Spike detection semantics:

  • No hard reset: Unlike IAF models, the membrane potential is not clamped after a spike. The potassium current \(I_K\) naturally repolarizes the cell.

  • Local maximum criterion: A spike is only emitted when the voltage both exceeds 0 mV and starts to fall (V_old > V_m), matching biological action potential detection.

  • Refractory suppression: Spike emission is blocked during the refractory period, but all state variables (including Clopath filters) continue evolving.

Parameters:

x (ArrayLike, optional) – External stimulation current in pA; scalar or array broadcastable to self.varshape. Added to I_e and synaptic currents in the membrane equation. Buffered for one step (applied in the next update call). Default is 0. * u.pA.

Returns:

Binary spike tensor with dtype jnp.float64 and shape self.V.value.shape. A value of 1.0 indicates at least one internal spike event occurred during the integrated interval \((t, t+dt]\).

Return type:

jax.Array

Notes

  • The external current x is buffered: the current passed in step \(t\) affects the dynamics at step \(t+1\). This matches NEST’s ring-buffer semantics for device input.
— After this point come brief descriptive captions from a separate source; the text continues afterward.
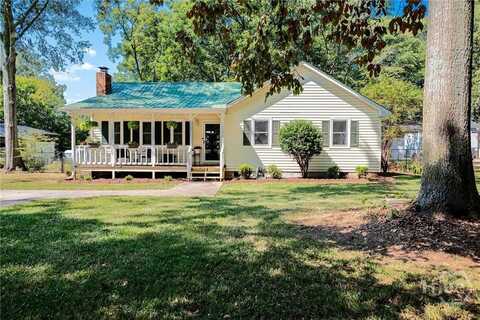 1384 Brookhaven Drive NW, Monroe, GA 30656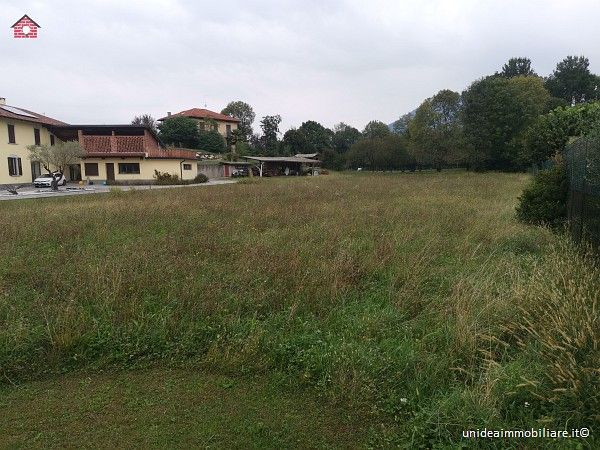 terreno edificabile in vendita a Leggiuno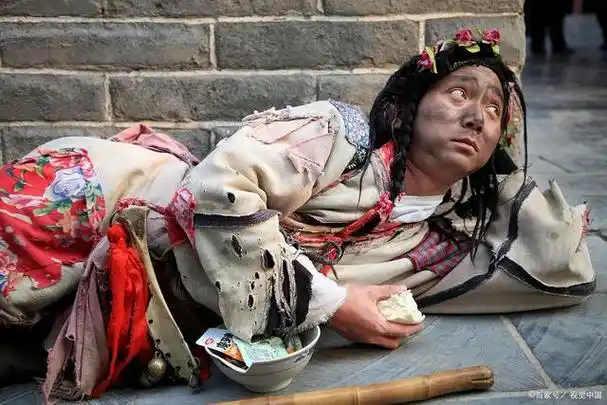 这两年的"乞丐"突然间的消失了?给大家揭开真相!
  • Delta inputs (spike-driven) and current inputs (continuous) are summed via sum_delta_inputs() and sum_current_inputs() from the Dynamics base class.

  • Spike weights are interpreted as current amplitudes (pA). To convert from conductance-based models, multiply weights by driving force.

  • The Clopath filtered voltages (u_bar_plus, u_bar_minus, u_bar_bar) are updated automatically as part of the ODE integration. External code (e.g., Clopath synapse models) can read these values after update() completes.

  • Integration is performed with an adaptive vectorized RKF45 loop. All arithmetic is unit-aware via saiunit.math.